Um dos funkeiros presentes no álbum “18K”, o MC Cabelinho vem fazendo essa ligação com o rap há um bom tempo. Em entrevista ao Portal Kondzilla, ele fez questão de exaltar esse intercâmbio musical. “Esses dias tava no estúdio com o Felp 22. Ele me perguntou: cara, o que cê sente quando ouve um beat de rap? Respondi que sinto vontade de voar. Um sentimento de que agora posso escrever o que eu quero, dizer o que eu penso. No funk não tenho tanto liberdade. Digo por mim, não sei se todos os funkeiros pensam assim. Adoro fazer parceria com os rappers”.
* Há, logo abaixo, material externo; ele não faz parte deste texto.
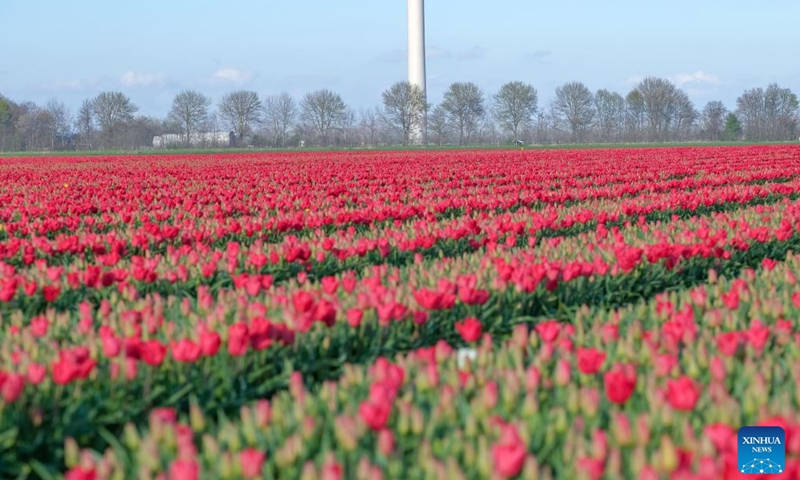 Tulip field in Flevoland, the Netherlands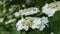 Blooming viburnum. White viburnum flowers. Guelder rose.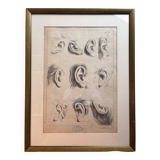 Old Print Engraving 19th Century Framed Academic Study Ear Van Bree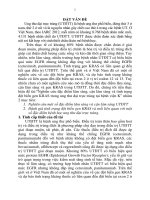 Nghiên cứu đặc điểm lâm sàng, cận lâm sàng và tình trạng đột biến gen KRAS trong ung thư đại trực tràng tại bệnh viện k (tt) 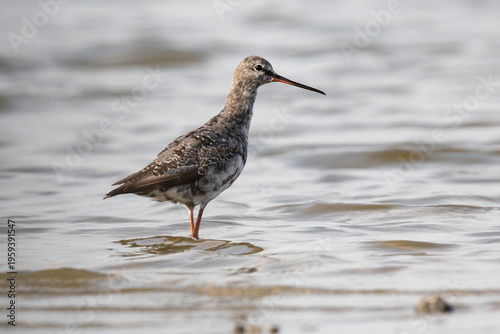 Photos Spotted redshank (Tringa erythropus) at Balgzandpolder (Den Helder, the Netherla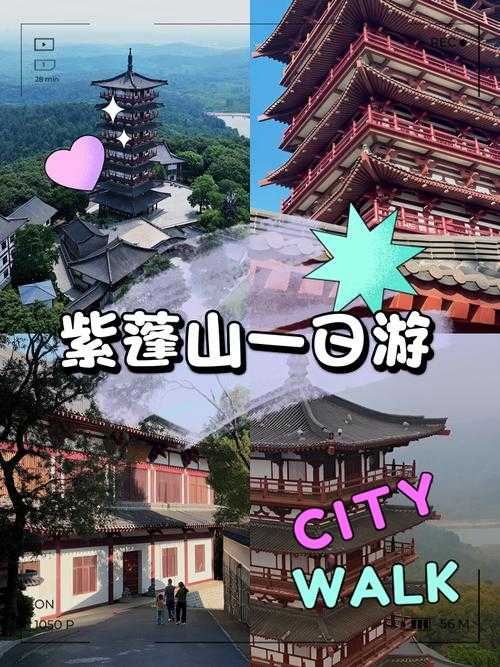 梦幻西游紫蓬山这区怎样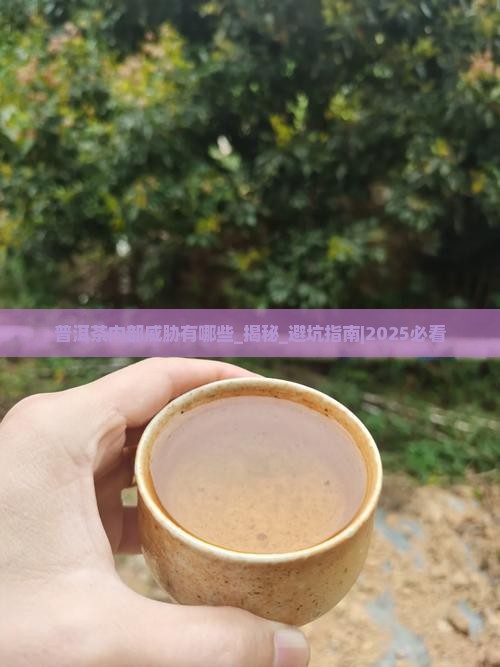 普洱茶内部威胁有哪些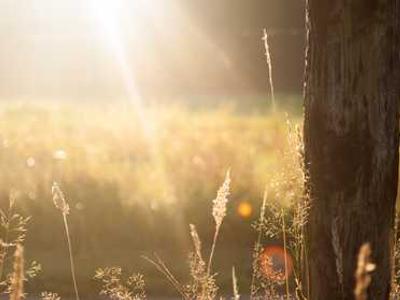 Watch 434 Avant-Garde and Surreal Short Films Online: Salvador Dalí, Marcel Duchamp, Luis Buñuel and Many More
Os MCs WM e Bin Laden acabaram não participando do “18K”, mas também são importantes nesse processo de atualização do funk/rap. Os dois também entraram na onda trap, só que através de colaborações com rappers e produtores da África, conhecidos pela marca do afrotrap — estilo popular em Angola e alguns outros países africanos de língua portuguesa que une o trap americano com beats do kuduro e da kizomba. WM encontrou o grupo Sevenlox, da Guiné Bissau, e soltou o clipe de “Sem Boi” no Canal Kondzilla. Já o Bin Laden foi convidado pelo Deejay Telio e Deedz B e foi até Angola gravar o clipe de “Tá Louca”.

Mais do que um reencontro entre o funk e o rap, o crescimento do trap-funk assinala a consolidação do funk como música pop brasileira dentro de um panorama da urban music mundial, capaz de unir São Paulo, Atlanta e Angola. “Acredito que o funk será a nova cena lá fora daqui a alguns anos, acreditem. Nosso ritmo vai contagiar o mundo inteiro. Acredito que o trap é o funk, os dois juntos”, finaliza WC no Beat.